Heretical Essays in the Philsophy of History
Purchased at Talking Leaves Books for a graduate seminar with Rodolphe Gasché. I don't remember the specific name of the course, but it also included Hegel and Husserl. I read all three, I think, as part of my oral exam reading list on the philosophy of history, which Gasché moderated.
This is another of those books I have read thoroughly, even going so far as to underline text and mark pages to which I meant to return, yet I remember very little of it. Opening it now, I recall some of the opening sentences about defining the "natural world" but the gist of the thing is not coming back to me at all. Maybe I'll read it again some day.
Once again I am reminded that no matter how much I actually remember about my life, I have forgotten infinitely more.

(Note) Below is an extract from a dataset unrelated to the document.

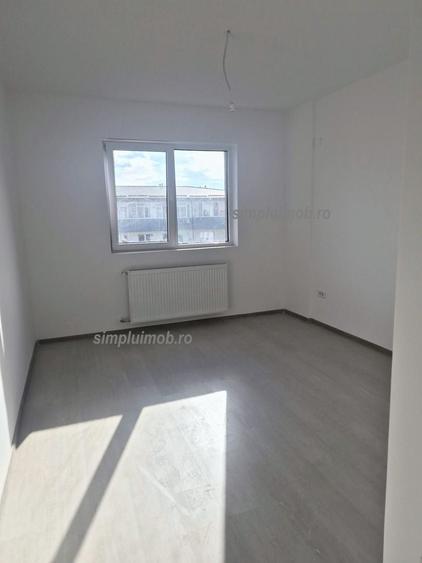 Apartament cu 2 camere decomandat în Vest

from Heretical Essays in the Philsophy of History
At the dawn of history, Heraclitus of Ephesus formulated his idea of war as that divine law which sustains all human life. He did not mean thereby war as the expansion of "life" but as the preponderance of the Night, of the will to freedom of risk in the aristeia, holding one's own at the limit of human possibilities which the best choose when they opt for lasting fame in the memory of mortals in exchange for an ephemeral prolongation of the comfortable life. This war is the father of the laws of the polis as of all else: it shows some to be slaves and others to be free; yet even free human life still has a peak above it. War can show that among the free some are capable of becoming gods, of touching the divinity of that which forms the ultimate unity of being. Those, though, are the ones who understand that polemos is nothing one-sided, that it does not divide but unites, that adversaries are only seemingly whole, that in reality they belong to each other in the common shaking of the everyday, that they have thus touched that which lasts in everything and forever because it is the source of all being and is thus divine.